The Technaid H3 Exoskeleton uses PEAK CAN as its CAN interface. The PEAK CAN driver package and the PCAN Basic API must be installed on the device with the following steps:

• Download the Linux driver package from https://www.peak-system.com/Drivers.523.0.html?&L=1
• Download the Linux PCAN Basic API from https://www.peak-system.com/PCAN-Basic.239.0.html?&L=1
• Extract the two downloaded ZIP files and move the two extracted folders to /usr/include/
• In the driver directory, run the following commands in a terminal window to build the driver packages:
  • sudo apt-get install libpopt-dev
  • sudo make clean all
  • sudo make install
  • sudo modprobe pcan

GPIO Pin Configuration

Note: This approach works for the Jetson Orin Nano, but other devices with GPIO/PWM pins will likely have a different pin number than 33, which can be obtained from the product's datasheet.

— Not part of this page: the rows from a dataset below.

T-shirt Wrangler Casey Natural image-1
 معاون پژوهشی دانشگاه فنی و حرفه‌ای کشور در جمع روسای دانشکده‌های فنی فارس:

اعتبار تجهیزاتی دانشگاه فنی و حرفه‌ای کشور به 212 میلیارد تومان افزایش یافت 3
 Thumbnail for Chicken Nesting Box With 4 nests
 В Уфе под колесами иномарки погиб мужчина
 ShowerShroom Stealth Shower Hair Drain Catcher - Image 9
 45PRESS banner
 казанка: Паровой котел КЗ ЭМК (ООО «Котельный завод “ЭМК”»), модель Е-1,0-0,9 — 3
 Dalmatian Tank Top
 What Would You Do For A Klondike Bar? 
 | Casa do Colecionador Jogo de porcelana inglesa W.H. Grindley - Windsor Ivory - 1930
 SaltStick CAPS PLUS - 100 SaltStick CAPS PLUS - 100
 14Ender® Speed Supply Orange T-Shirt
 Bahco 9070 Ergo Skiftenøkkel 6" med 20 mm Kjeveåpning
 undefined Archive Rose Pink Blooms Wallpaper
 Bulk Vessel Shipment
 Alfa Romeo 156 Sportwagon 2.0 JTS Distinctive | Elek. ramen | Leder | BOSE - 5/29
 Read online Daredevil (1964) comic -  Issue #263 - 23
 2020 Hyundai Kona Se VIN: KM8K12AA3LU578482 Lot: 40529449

In order to use PWM and other additional GPIO modifications, the steps below must be taken:

• Download the NVIDIA GPIO interface library with git clone https://github.com/NVIDIA/jetson-gpio.git
• In the root of the cloned directory, run sudo python3 setup.py install
• Run the following commands to add permissions to access the GPIO user group:
  • sudo groupadd -f -r gpio
  • sudo usermod -a -G gpio your_user_name and replace your_user_name with the one in your command line interface
  • sudo cp lib/python/Jetson/GPIO/99-gpio.rules /etc/udev/rules.d/
  • sudo udevadm control --reload-rules && sudo udevadm trigger
  • sudo /opt/nvidia/jetson-io/jetson-io.py and change Pin 33 in the pinmux configuration to enable PWM on Pin 33. Save and reboot when prompted for the hardware changes to properly initiate.

Device Connections

Quattrocento

• Go to Network Settings and click the Settings cog next to the wired connection
• Access the IPv4 tab and enable Link-Local Only, then hit Apply
• See the OTB manual for setting up the Quattrocento hardware and connecting over Ethernet: https://www.otbioelettronica.it/en/downloads#41-quattrocento

Muovi+Pro

• See the OTB manual for setting up the Muovi+Pro hardware https://www.otbioelettronica.it/en/downloads#64-muovi-pro

Repository

• Create a directory with a subdirectory called src
• Navigate into src and clone the GitHub repository with git clone https://github.com/Technaid-S-L/technaid_h3_ankle_ros_python
• Switch the Git branch to MSR_Project_2023 with git checkout MSR_Project_2023

Build

• Go back to the directory containing src and run catkin_make

Launch

• Source a ROS workspace with source devel/setup.bash
• Launch the system with roslaunch mobile_hdemg_exo h3_launch.launch. The system can be further configured by the user in the startup screen.